▶ YOUR ASSIGNMENT
When the string "flipkart" appears in a line of the records, show the whole line.

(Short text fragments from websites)

—————

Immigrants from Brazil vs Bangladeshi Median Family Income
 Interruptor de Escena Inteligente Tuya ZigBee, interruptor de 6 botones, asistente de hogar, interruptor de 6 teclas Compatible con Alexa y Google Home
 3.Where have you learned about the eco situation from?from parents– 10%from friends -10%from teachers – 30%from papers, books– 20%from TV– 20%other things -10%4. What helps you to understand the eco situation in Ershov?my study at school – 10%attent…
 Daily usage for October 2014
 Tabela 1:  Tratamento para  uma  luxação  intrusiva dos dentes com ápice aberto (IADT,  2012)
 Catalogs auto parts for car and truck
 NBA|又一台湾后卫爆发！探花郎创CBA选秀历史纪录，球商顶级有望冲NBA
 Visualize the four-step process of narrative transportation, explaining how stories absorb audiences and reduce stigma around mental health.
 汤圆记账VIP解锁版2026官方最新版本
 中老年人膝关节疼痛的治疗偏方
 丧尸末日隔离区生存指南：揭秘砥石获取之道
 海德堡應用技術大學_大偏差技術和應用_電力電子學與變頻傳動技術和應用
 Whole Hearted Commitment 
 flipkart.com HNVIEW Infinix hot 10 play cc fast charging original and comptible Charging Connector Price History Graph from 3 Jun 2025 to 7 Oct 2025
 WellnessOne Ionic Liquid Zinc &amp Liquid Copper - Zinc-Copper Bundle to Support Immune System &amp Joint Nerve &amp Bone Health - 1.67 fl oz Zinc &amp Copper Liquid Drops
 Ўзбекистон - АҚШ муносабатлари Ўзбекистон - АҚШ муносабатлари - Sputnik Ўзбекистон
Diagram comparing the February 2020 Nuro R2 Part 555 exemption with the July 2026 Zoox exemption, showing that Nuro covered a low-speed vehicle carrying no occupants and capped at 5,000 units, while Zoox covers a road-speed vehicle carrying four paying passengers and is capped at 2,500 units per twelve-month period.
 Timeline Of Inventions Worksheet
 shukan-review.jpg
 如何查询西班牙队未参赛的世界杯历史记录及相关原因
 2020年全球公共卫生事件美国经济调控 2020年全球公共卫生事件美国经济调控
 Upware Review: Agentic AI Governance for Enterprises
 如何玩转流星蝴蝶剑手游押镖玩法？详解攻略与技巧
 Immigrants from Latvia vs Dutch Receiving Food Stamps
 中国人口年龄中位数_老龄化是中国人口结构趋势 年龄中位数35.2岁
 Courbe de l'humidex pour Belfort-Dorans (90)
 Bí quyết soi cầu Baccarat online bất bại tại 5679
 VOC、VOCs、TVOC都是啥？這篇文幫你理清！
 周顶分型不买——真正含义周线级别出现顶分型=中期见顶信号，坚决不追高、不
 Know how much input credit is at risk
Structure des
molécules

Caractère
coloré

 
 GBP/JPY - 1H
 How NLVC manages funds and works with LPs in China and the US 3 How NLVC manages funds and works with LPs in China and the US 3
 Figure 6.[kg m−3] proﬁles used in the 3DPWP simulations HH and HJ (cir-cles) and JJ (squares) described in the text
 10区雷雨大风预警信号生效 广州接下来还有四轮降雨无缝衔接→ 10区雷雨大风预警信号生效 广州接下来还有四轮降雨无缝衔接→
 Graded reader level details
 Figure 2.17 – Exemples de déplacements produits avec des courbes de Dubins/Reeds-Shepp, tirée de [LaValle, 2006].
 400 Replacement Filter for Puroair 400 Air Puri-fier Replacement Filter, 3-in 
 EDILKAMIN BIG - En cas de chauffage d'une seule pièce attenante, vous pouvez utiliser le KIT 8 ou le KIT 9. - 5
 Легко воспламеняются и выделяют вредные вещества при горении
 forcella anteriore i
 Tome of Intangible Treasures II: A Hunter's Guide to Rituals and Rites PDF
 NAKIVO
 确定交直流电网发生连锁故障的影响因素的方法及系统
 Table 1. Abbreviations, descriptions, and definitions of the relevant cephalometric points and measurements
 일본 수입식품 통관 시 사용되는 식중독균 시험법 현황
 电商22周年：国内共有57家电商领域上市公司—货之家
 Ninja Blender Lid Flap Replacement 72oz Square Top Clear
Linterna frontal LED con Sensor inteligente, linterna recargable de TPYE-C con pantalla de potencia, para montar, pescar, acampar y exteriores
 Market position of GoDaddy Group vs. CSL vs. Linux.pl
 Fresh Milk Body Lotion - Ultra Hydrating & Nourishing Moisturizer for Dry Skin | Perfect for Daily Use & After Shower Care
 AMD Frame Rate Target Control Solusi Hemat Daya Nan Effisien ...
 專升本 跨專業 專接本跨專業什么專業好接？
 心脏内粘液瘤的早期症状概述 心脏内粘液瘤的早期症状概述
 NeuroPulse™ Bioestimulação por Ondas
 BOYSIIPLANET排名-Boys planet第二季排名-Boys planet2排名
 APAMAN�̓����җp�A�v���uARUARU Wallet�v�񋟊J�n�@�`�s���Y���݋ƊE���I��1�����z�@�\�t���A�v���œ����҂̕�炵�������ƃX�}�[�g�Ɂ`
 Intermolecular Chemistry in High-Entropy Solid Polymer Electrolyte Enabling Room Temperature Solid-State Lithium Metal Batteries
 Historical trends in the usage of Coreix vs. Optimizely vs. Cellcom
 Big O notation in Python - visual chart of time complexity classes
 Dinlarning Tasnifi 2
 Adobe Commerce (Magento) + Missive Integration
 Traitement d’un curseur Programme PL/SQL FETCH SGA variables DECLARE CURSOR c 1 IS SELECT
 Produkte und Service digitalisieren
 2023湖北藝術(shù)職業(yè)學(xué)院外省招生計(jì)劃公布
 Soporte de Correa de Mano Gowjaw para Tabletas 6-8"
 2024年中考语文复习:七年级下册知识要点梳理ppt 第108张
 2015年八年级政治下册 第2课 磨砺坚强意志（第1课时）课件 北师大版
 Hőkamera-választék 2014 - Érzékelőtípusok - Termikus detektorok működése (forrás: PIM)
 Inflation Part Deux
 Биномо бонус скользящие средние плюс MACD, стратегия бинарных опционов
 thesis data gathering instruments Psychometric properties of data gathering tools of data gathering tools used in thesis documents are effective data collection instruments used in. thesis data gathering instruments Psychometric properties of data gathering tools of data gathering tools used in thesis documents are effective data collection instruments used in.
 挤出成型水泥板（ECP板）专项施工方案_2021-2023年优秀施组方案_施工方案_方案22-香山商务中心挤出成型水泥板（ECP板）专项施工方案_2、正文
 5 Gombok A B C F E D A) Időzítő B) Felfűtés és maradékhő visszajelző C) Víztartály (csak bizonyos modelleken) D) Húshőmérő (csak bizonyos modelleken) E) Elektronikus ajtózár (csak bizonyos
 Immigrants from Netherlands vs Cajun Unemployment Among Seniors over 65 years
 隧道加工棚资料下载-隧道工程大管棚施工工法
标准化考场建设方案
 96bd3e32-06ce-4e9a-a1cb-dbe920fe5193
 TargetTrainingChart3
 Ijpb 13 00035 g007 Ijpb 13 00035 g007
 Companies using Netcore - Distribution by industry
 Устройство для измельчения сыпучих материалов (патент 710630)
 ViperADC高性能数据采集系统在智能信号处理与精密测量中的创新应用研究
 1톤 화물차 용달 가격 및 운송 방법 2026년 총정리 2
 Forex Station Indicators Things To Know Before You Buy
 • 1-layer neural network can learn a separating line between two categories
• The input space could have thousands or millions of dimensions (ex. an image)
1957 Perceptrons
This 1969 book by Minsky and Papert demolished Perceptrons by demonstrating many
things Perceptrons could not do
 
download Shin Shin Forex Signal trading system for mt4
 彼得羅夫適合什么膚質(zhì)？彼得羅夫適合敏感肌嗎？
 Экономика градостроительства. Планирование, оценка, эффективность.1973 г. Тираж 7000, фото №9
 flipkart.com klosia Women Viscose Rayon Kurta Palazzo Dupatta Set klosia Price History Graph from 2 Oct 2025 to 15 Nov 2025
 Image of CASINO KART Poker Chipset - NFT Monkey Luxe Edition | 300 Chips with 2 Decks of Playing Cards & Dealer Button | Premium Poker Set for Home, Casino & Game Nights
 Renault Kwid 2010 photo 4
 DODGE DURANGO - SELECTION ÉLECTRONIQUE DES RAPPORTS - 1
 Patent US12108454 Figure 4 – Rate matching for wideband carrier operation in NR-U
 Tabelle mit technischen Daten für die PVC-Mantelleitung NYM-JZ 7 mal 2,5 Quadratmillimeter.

—————

▶ TASK RESPONSE
 flipkart.com HNVIEW Infinix hot 10 play cc fast charging original and comptible Charging Connector Price History Graph from 3 Jun 2025 to 7 Oct 2025
 flipkart.com klosia Women Viscose Rayon Kurta Palazzo Dupatta Set klosia Price History Graph from 2 Oct 2025 to 15 Nov 2025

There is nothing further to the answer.